Vanua menuruni jalan berbatu. Ia harus bergegas turun, sembari melirik senja di balik rerimbunan akasia. Matanya jernih dan bibirnya tiada nampak kemurungan. Ia berjalan dengan mengarahkan telapak kakinya ke dalam. Langkah penari yang terlatih.
”Kamu mengerjakan apa di rumah bambu,” tanya bu Ros.
Vanua menjawab: ”Saya mengambil madu, bu. Nanti saya akan campur dengan jeruk nipis. Buat menambah imun.”
Ros mengangguk tegas. Ia sangat percaya tanah di Kampung Tujuh mampu menumbuhkan tanaman perawat tubuh. Jiwanya sudah pernah melihat dengan rasa sesal kepada tubuhnya sendiri. Ia menginginkan tubuh padat berisi seperti Vanua. Diet tapi gagal.
Empat purnama berlalu, Ros berpikir hendak melarikan diri dari tubuhnya sendiri. Tetapi kegigihan Vanua memanen madu di rumah lebah telah membuatnya lupa akan hasrat diet.
Ia mementingkan tatapan mata enam kepala keluarga di Kampung Tujuh. Tatapan mata mereka seperti neraka bagi Ros karena mereka menanam benih harapan tertinggi kepadanya. Agar panen madu bisa mengenyangkan jiwa dan tubuh semua penghuni kampung.

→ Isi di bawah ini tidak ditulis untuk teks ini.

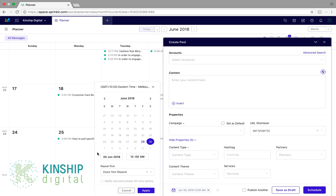Another feature is that we can also elect to be notified 30 minutes before the post is sent by ticking this box here. We would simply apply, and then the post is ready to be scheduled.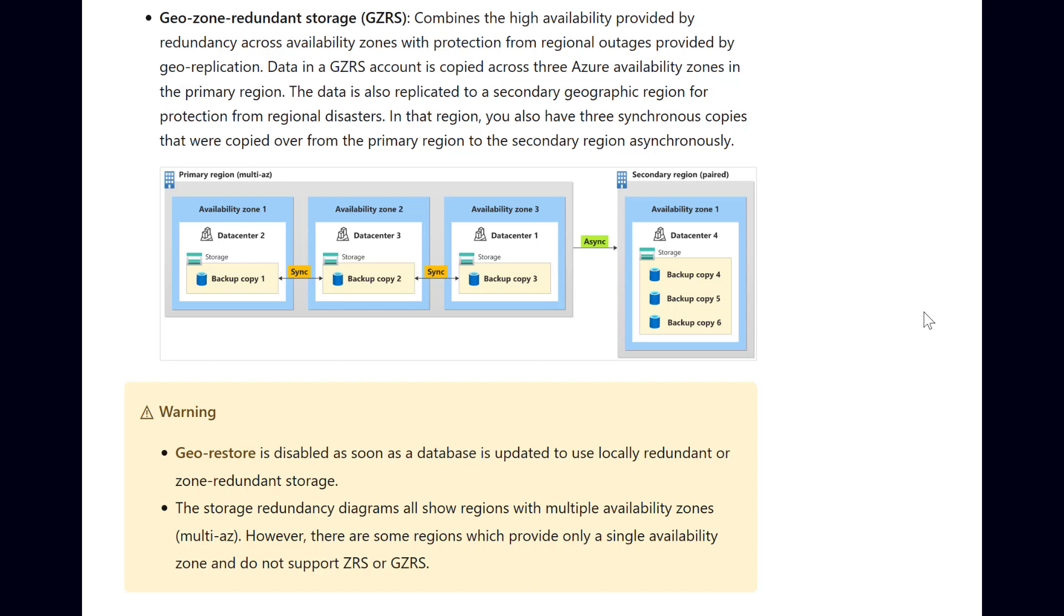Additionally, GeoZone Redundant Storage provides point-in-time restore in the event an availability zone goes down, since you'll be able to do a regular restore from a different availability zone.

Rasa cemas berlebihan menyebar pada masing-masing orang di Kampung Tujuh. Rasa cemas itu dirasakan oleh Vanua.
Sepanjang malam angin berdesing cepat dan tanah yang dipijaknya seolah dilapisi permadani dingin yang tebalnya tak lebih dari lima sentimeter. Dalam kesunyian di Desa, tak lama setelah Vanua berjalan ke rumah warga, ia mendengar berita warga meninggal.
Tubuhnya terasa panas-dingin setiap kali mendengar berita orang meninggal. Sakit kepala bertubi-tubi menyerang tanpa ampun pula ketika berita media daring memuat berita tentang ribuan orang meninggal seketika.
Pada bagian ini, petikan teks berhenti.